Forster had told reporters in Geneva on Tuesday that GM Europe could be forced to close three factories as it seeks to achieve $1.2 billion (euro1 billion) in cost cuts through restructuring. He said they were considering other measures to protect the jobs, including salary cuts, voluntary resignations and other employee concessions.
GM Europe employs 50,000 workers, building cars in Germany, Belgium, Poland, Portugal, Spain and Britain.

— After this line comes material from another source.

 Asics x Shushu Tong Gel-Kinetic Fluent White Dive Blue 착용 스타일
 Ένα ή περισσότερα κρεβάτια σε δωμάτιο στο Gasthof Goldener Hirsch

GM would like to spin off Opel as a separate company as part of a plan to return to profitability by 2011. GM Europe is also seeking euro3.3 billion from Germany and other countries where it operates, saying it could face insolvency if it doesn't get the injection by the second quarter. Forster has confirmed talks with Britain and Spain, beyond the well-publicized discussions with the German government.
Opel is investing in new technologies in the hope of beating the global economic downturn by selling models such as the electric Ampera by 2011. The 4-door hatchback sedan was unveiled at the Geneva Auto Show on Tuesday.